Bir asırdaki bütün müctehidler, bir meselenin hükmü hakkında iki kısma ayrılıp her kısım bir görüş üzerine ittifak etmiş ise bunlardan sonraki asırlardaki müctehidler, ancak bu iki görüşten biri üzerine ittifak edebilirler. Yoksa bu görüşten başka üçüncü bir görüş üzerine ittifak edemezler. Çünkü önceki asırda müctehidlerin bu şekilde sadece iki görüşe sahip olmaları, üçüncü bir görüşün olumsuzluğu hakkında bir icmâ demektir.
Mesela, Şâfiîler’e göre, iki yerden başka bir uzuvdan çıkan kan ile abdest bozulmaz. Sadece o uzvu yıkamakla taharet gerçekleşir.

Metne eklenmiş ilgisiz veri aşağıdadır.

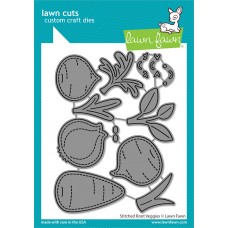 Lawn Fawn - Stitched Root Veggies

Hanefîler’e göre ise kan ile abdest bozulur, tekrar abdest alınmak suretiyle taharet gerçekleşir.
Sonraki asırlarda gelen müctehidler, bu kanın çıkmasından dolayı abdestin bozulmayacağında, taharet için hiçbir şey yapmanın gerekmediğinde ittifak etseler, bu geçerli bir icmâ olmaz.